# maverick 88 stuck plug



## klj7786 (May 28, 2011)

I have been doing research on how to remove the mag tube on a maverick 88.  every site i went to made it sound very hard.  all i had to do was get a good grip on the solid end of the mag tube with a pair of channel locks, put the stock between my feet, and give it a good twist.  and a piece of cloth in between so as to not scratch the paint. i should have had a thicker piece of cloth because i put a small scratch on the mag tube. i now have went from a capacity of 3 to a capacity of 6.  i doubled the capacity, learned a new trick, so i can deal with the scratch.  i hope this helps anyone with the same problem i had.  oh and by the way a few beers will give you the courage to play gunsmith, with an unloaded gun of course.  hope this helps someone.


----------



## Dead Eye Eddy (May 29, 2011)

That's the way to do it.  I've only had one Mossberg that I couldn't remove the mag tube on.  I think someone had crossthreaded it at some time in the past, because I never could loosen that thing.  I tried PB Blaster and several other things, but finally sold the gun with the plug still in it.

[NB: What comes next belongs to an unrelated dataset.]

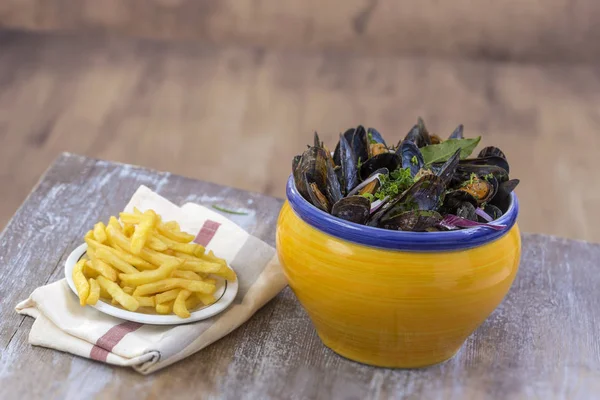 Franska blåmusslor med örter i en gul skål med pommes frites glas ramekin på servett skaldjur i en träskiva bakgrund — Stockfoto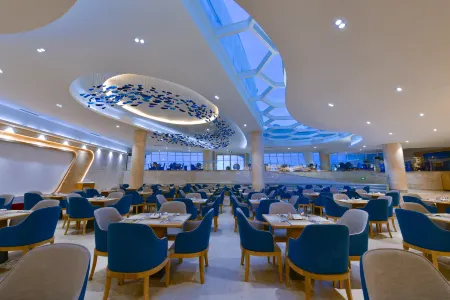 Twin Moon Bay Xianghai Hot Spring Holiday Hotel Отели рядом с достопримечательностью «Turtle National Reserve Areas»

I always used cut off pencils for my plugs in the Mossbergs I actually used.  You can remove the barrel and shake them out through the barrel bolt hole wihout removing the magazine tube.  I could go from 3 shells for rabbits and doves to 5 shells for deer to 6 shells for HD as fast as I could remove the barrel, remove/change the plug, and reattach the barrel.


----------



## hoochfisher (May 29, 2011)

The way to remove the plug is to remove the magizine cap screw, hold the gun pointed down and shake side to side. There should be no pliers involved.


----------



## klj7786 (May 29, 2011)

The plug was wedged in between the spring and the inside of the tube. So the plug wouldn't come out. Therefore the mag tube had to come off, or I would just ave a 3 shot shotgun.


----------



## Offroadtek (May 29, 2011)

They put something on the threads at the factory to keep the magtube tight. It's a bear to break loose, but like you said it can be done. I took mine out but putting the end in a pipe vise with much padding and turned the receiver with a big adjustable wrench. I already had to stock off so I had to find a way to turn it than just twisting the stock. Also by putting the wrench on the front of the receiver you don't apply any torque thru the receiver body.


----------